What makes these arrests significant is not the charges themselves—both men have faced U.S. indictments for years—but the fact that Venezuela's new authorities have moved to detain them. It suggests that whoever now holds power in Caracas may be willing to distance itself from Maduro's inner circle and cooperate with American law enforcement. Whether this represents a genuine break with the past or a tactical maneuver remains to be seen. Both men remain in SEBIN custody, and their extradition to the United States is pending. The outcome will say much about the direction Venezuela's government intends to take.
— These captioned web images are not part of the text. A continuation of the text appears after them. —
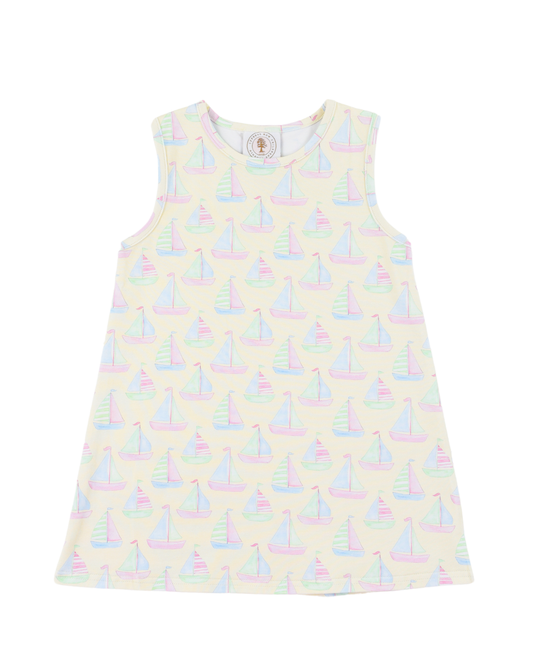 seas the day dress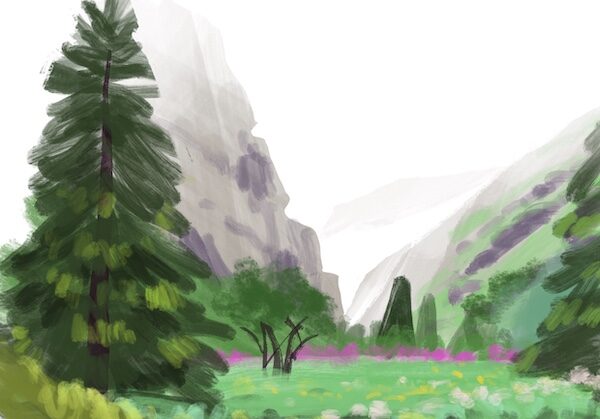 Illustration sans titre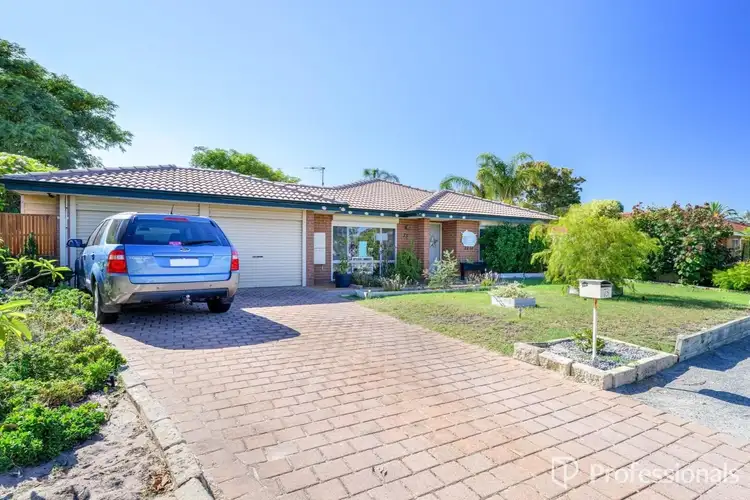73 Coronata Drive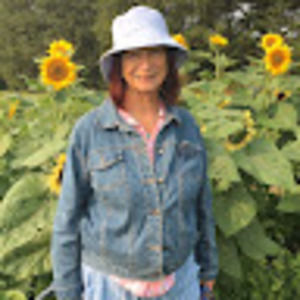 Meet your Posher, Margaret j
The capture was carried out for possible extradition to the United States
— Venezuelan intelligence source to Caracol Radio
A Conversa do Hearth Outra perspectiva sobre a história
Inventor

Why would Venezuela's new authorities arrest their own former officials? Doesn't that seem like a risk?

Model

It does, unless you understand that arresting Maduro's people is a way of signaling a break. It tells Washington—and Venezuela's own population—that this isn't a continuation of the old regime.

Inventor

But Saab was already released in a prisoner exchange just months ago. Why arrest him again?

Model

Because that exchange happened under Maduro. The new government may see him as a liability, someone too closely tied to the old corruption. Releasing him once was a negotiation. Arresting him now is a statement.

Inventor

What about Gorrín? He owned a major television network. Doesn't that give him some protection?

Model

Not if the new authorities want to consolidate power and appear legitimate. A media mogul accused of massive bribery is exactly the kind of figure a transitional government needs to prosecute to show it's serious about reform.

Inventor

So this is about optics?

Model

It's about more than that. These men controlled flows of money and information under Maduro. Removing them from circulation—and cooperating with the U.S. to do it—removes obstacles to whatever comes next.

Inventor

What happens if they're extradited?

Model

They face real prison time in the United States. But more immediately, their testimony could implicate dozens of other officials still in Venezuela. That's the real leverage.